§ **Available data**
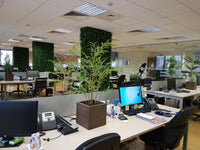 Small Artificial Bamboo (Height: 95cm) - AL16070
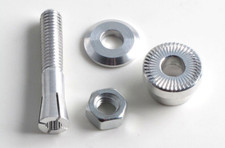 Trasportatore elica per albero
* * *
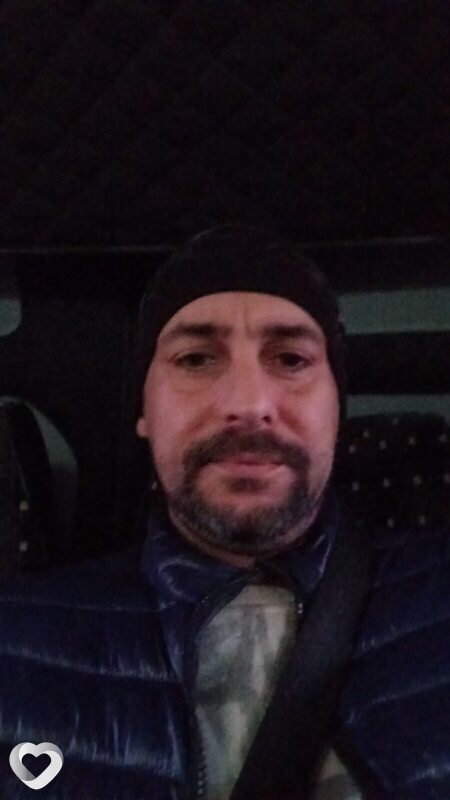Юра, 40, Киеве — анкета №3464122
---
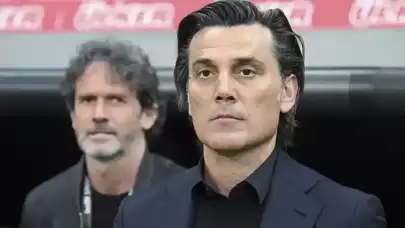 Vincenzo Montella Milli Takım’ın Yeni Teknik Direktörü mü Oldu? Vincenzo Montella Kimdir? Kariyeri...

§ **Work to complete**
From the records above, write out exactly the lines that begin at the line with "Small Artificial Bamboo" and end at the line with "Trasportatore elica per albero". Pictures must not appear in the output.

§ **Expected output**
 Small Artificial Bamboo (Height: 95cm) - AL16070
 Trasportatore elica per albero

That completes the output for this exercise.